::: INPUT DATA

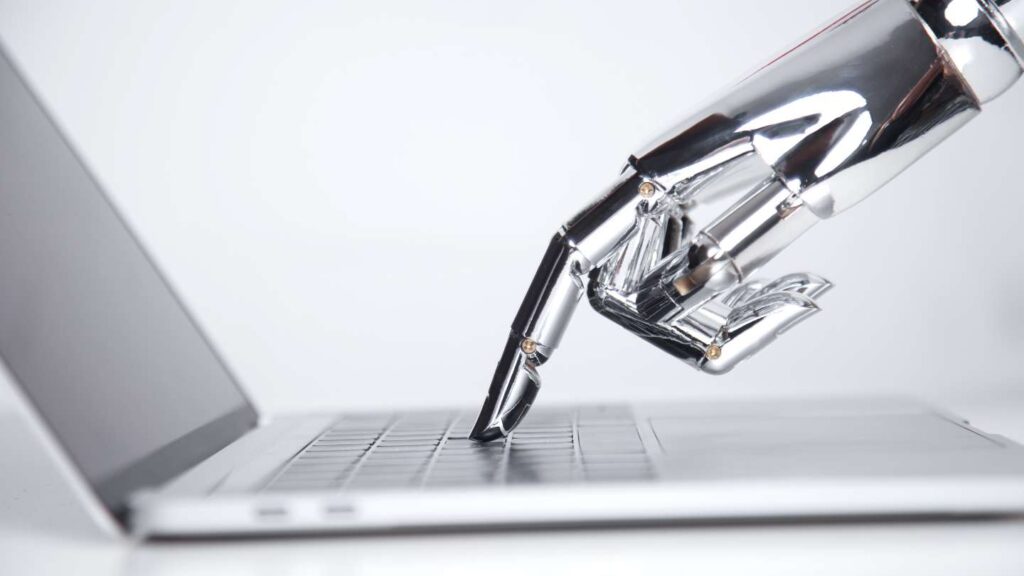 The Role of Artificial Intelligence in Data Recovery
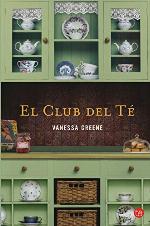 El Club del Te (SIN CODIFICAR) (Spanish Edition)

::::::
::: INPUT DATA

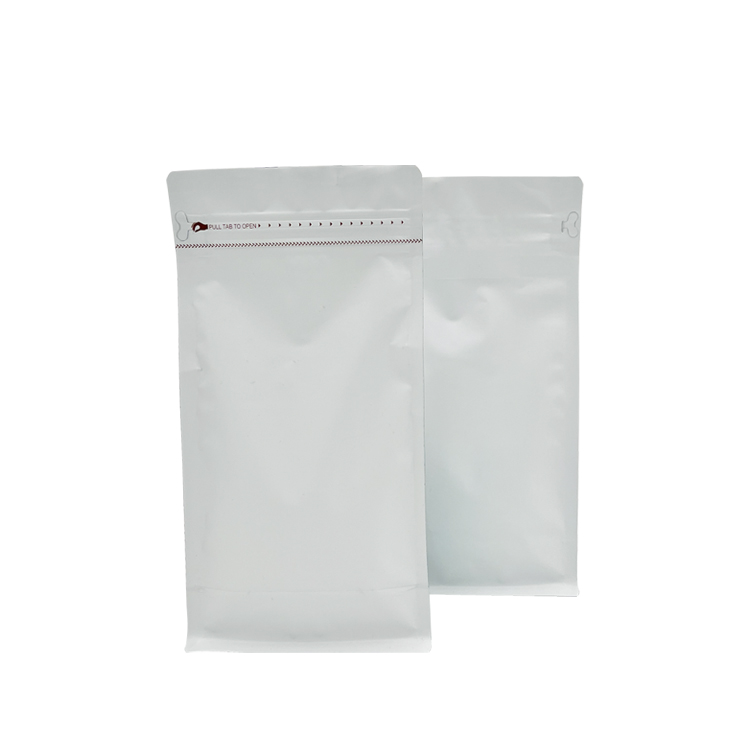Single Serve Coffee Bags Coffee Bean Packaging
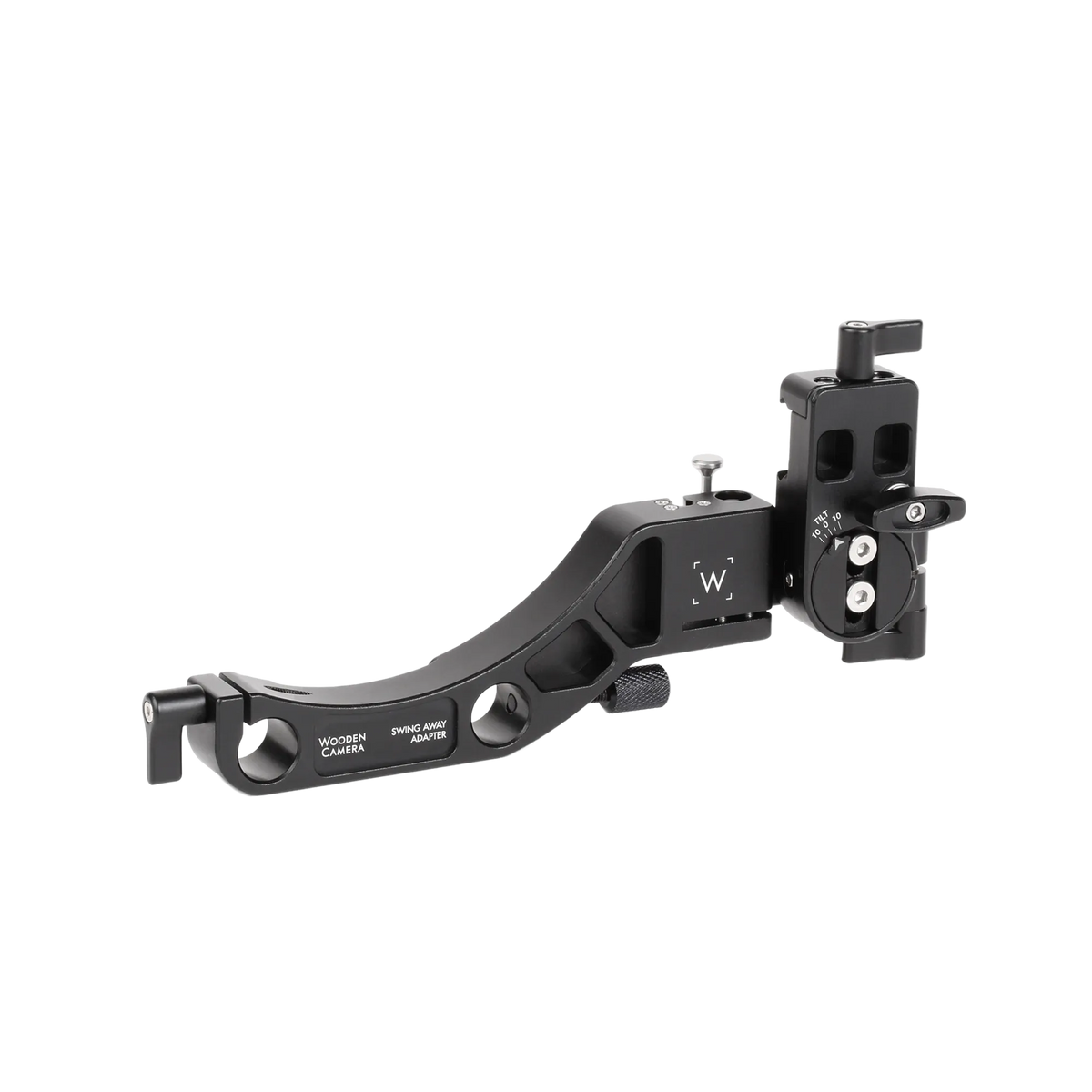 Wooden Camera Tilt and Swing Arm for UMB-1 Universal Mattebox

::::::
::: INPUT DATA

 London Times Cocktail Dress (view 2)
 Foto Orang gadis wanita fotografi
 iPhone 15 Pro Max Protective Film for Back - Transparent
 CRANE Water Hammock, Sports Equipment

::::::

### THE TASK
Go down the entries above from the line containing "Single Serve Coffee" to the line containing "Wooden Camera Tilt" and write out each line exactly, leaving pictures out.

### EXERCISE SOLUTION
Single Serve Coffee Bags Coffee Bean Packaging
 Wooden Camera Tilt and Swing Arm for UMB-1 Universal Mattebox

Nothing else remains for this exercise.